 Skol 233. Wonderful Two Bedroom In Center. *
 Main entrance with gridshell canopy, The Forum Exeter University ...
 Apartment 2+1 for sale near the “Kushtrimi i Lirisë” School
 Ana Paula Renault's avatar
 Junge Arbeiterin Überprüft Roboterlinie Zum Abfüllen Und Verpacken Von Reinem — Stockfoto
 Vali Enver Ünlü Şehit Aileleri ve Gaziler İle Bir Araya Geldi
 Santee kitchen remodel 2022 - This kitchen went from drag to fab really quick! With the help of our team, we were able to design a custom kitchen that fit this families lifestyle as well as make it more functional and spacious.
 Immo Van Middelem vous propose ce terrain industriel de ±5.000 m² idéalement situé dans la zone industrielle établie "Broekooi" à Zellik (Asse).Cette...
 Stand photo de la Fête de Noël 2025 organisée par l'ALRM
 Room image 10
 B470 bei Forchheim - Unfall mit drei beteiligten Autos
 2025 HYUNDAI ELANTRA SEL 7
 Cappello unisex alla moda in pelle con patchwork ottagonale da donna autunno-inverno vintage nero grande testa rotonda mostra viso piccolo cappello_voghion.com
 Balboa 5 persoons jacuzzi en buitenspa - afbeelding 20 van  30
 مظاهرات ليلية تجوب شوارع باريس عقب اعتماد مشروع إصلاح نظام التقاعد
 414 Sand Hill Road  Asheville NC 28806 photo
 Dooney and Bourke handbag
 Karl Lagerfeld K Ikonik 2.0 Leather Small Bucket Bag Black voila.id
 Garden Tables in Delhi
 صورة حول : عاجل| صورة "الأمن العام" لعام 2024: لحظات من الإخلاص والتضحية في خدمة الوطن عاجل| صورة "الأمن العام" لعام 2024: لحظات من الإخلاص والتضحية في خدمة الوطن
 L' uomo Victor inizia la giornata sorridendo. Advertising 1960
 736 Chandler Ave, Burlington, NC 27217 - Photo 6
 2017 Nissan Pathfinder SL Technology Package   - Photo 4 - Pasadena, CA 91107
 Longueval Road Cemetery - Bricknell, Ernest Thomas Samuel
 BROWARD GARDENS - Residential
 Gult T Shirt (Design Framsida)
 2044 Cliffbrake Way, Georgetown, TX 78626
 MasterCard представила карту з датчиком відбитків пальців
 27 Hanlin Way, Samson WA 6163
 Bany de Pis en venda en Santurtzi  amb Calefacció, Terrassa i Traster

========

- _TASK BRIEF_:
Reproduce each line from the listing above that includes the word "Road".

- _WRITTEN RESPONSE_:
 414 Sand Hill Road  Asheville NC 28806 photo
 Longueval Road Cemetery - Bricknell, Ernest Thomas Samuel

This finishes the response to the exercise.